Elle acquiesça de nouveau, avant de froncer les sourcils. Pourquoi la vouvoyait-il ? Le regardant de nouveau, elle avisa ses yeux fendus de chat. Ses cheveux longs retenus par un catogan trempé par l'eau du lac, forcément. Son torse nu couvert de récentes blessures. Son pantalon fermé par des cordelettes et avec une étrange poche à l'avant, juste au niveau de son...

se concentrant de nouveau sur son visage, elle y découvrit un sourire amusé, des yeux pétillants de malice.

-Nathaniel. Je m'appelle comment ?

-J'ai une meilleure question. Comment se fait-il que vous ayez un de mes sorts de localisation en vous ?

Merci le destin poisseux.

Elle était dans le passé.

Un passé où Nathaniel et elle ne se connaissaient pas encore.

-Donc, tu ne me connais pas ?

-Non, je ne vous connais pas, gente demoiselle. Me connaissez-vous, vous ?

Un tir de canon ponctua sa question, détournant un instant leur attention. Les cinglés avaient encore loupé l'embarcation. L'aristocrate dessus fit une danse ridicule, se moquant visiblement d'eux. Mais à quelle époque avait-elle atterri, franchement ?

-Oui, je te connais. Tu t'appelles Nathaniel.

Cela ne parut lui faire ni chaud ni froid. Croisant les bras sur son torse aux muscles terriblement bien ciselés, il la détailla un peu plus. Élisa, elle, commençait à avoir froid. En lourde robe de bure, merci le voyage temporel, trempée jusqu'aux os, elle était glacée.

-Beaucoup de gens connaissent mon prénom, dans le coin. Serais-tu une prostituée avec laquelle j'ai couché, par hasard ?

Le coup de pied dans les parties, il ne le vit pas venir. À croire que ce n'était pas une manœuvre très usitée, à cette époque encore inconnue pour elle. Quoi qu'il en soit, il se plia à deux en se tenant sa zone délicate, avant de se retrouver le front au sol avec un râle misérable.

-Traite-moi encore une fois de prostituée, Nathaniel de Millicent, et je te les fais avaler. C'est clair ?

Un gémissement lui répondit. C'était clair.

-Et non, je n'ai jamais couché avec toi, espèce de cuistre.

-Alors, comment mon sort de localisation a fini sur votre langue ?

Au souvenir du baiser qu'elle avait échangé avec son lui du présent, de son présent à elle, elle rougit comme une pivoine. C'était si... Si... Et il était si volontaire pour... Olalalala...

-D'accord... Donc je vous ai au moins embrassé.

Il était déjà à genoux !? Pourtant, elle avait frappé rudement fort. Il avait des testicules en acier trempé ou quoi ?

-Oui.

Debout, il se rapprocha d'elle d'un pas, pour la regarder de plus prés. Gênée, encore sous l'influence de leur dernier échanger dans son présent, elle détourna le regard.

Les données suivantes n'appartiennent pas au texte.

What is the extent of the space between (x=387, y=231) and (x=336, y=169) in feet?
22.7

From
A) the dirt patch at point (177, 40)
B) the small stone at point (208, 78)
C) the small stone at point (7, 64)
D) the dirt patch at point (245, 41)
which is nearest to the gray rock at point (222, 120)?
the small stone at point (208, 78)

-Le signal de localisation est apparu d'un seul coup, au lieu d'être une constante. C'est ce qui m'a fait venir. Comment est-ce possible ?

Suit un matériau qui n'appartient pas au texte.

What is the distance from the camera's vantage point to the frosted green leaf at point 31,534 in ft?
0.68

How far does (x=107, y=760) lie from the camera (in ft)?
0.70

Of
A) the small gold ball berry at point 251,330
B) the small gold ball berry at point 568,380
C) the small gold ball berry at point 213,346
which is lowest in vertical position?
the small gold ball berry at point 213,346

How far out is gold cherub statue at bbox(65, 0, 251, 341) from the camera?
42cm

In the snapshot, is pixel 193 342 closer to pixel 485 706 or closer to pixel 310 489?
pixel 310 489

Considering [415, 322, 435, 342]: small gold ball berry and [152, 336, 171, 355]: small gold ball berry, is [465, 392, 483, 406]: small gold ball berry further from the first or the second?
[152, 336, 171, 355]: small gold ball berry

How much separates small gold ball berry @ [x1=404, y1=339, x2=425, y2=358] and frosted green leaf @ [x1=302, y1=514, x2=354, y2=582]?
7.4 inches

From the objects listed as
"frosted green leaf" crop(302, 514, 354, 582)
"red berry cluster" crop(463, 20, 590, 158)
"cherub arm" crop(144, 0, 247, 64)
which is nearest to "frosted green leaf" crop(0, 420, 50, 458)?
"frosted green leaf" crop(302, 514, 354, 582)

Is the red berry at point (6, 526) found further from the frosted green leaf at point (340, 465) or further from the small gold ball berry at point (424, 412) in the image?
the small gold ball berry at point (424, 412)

Cette fois-ci son estomac se noua. Elle plongea dans ses yeux d'améthyste, qui ne ressemblaient pas encore à ceux qu'elle connaissait.

-Je...

-Qui êtes-vous, belle inconnue ? murmura-t-il en passant une main dans ses cheveux. D'où venez-vous ?

Bon. De toute façon, elle ne pouvait pas faire grand-chose.

Résolue, elle planta son regard dans le sien.

-Je viens de Toulon. Mais pas de cette époque. J'ai la capacité de voyager dans le temps et j'ai atterrit ici juste après que ton toi du futur m'ait embrassé et posé ce sortilège de localisation par la même occasion.

Ses doigts se refermèrent sur sa chevelure, de façon douloureuse. Heu...

-Donc selon toi, dans le futur, je me serais acoquiné avec une vampire ? J'en doute fort, suceuse de sang.